The Israel Antiquities Authority contacted Dr Seales and gave him the scroll data. “This was right around the time that our software was really coming online for doing this virtual unwrapping process,” Parker continues. “I sat down with the data and in a day had something that looked like vague smudges, it kind of looked like text.

“We then got the high-resolution data set from them and re-did that process. When we sent it back, they said ‘you’ll never believe what you discovered; this is a copy of the book of Leviticus, and given the time period that we think the scroll is we think it’s one of the oldest copies’.

“We proceeded to process the entire data set and produced an entire virtual unwrapping of that scroll.
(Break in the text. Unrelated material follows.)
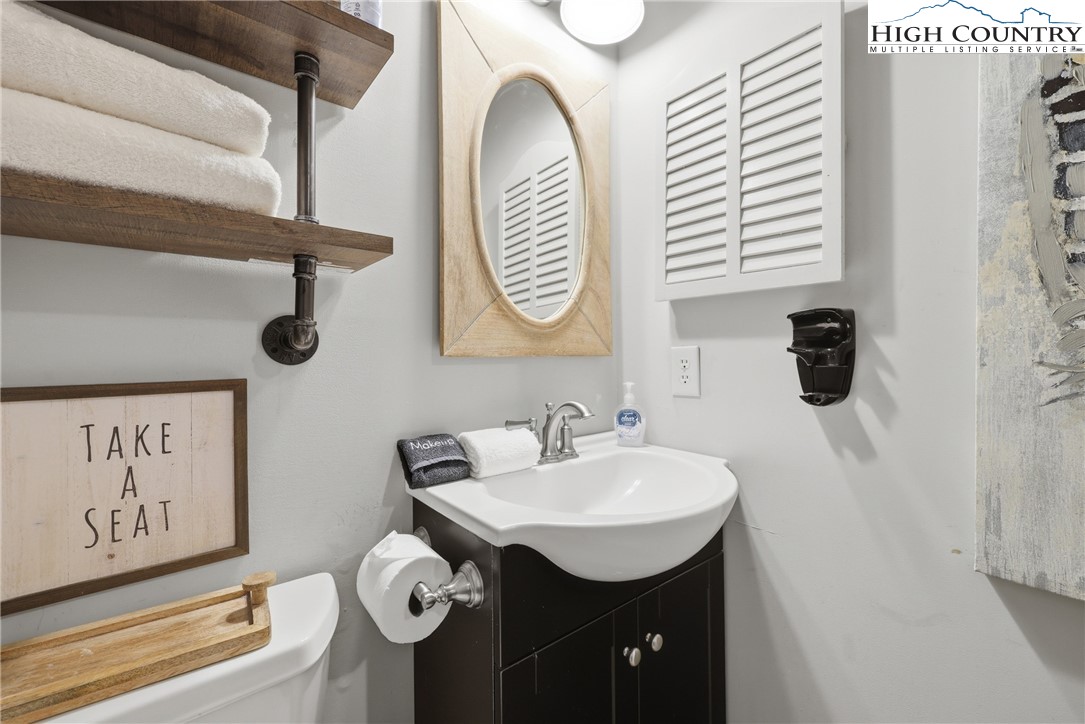 301 Pinnacle Inn Road, Unit 3301 Beech Mountain, NC 28604 - Photo 17 of 34 a bathroom with a sink and a mirror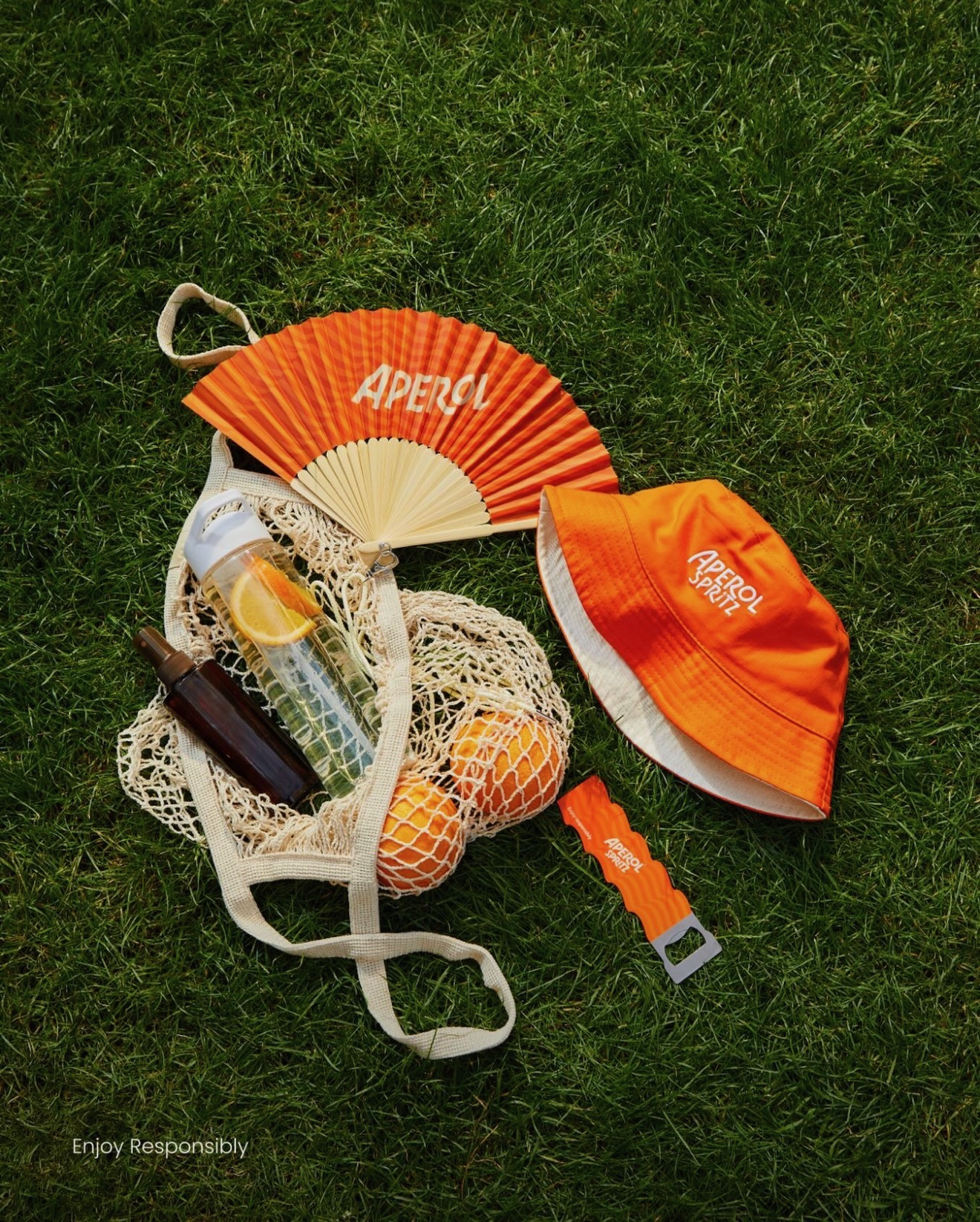 A collection of orange-themed summer items on grass includes a hand fan, a hat, a water bottle, and a mesh bag with oranges.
We had two columns of text, the first showing Leviticus Chapter One, and the second showing Chapter Two. The resolution of the scan allowed us to bring the images out at a resolution around 1500 dpi, much larger than even archival quality photography.”

The software, that the team calls ‘Volume Cartography’, breaks the deciphering of these damaged and un-openable scrolls into three stages. The first is called segmentation, where it identifies the individual layers of the scroll and the legends on them. Second is sampling, where it takes the structure and flattens it into a 2D image. The third stage is called texturing which looks at the CT data and figures out how it would look in three-dimensions.

“All three have to be in place otherwise you can’t read anything inside of these scrolls,” says Parker.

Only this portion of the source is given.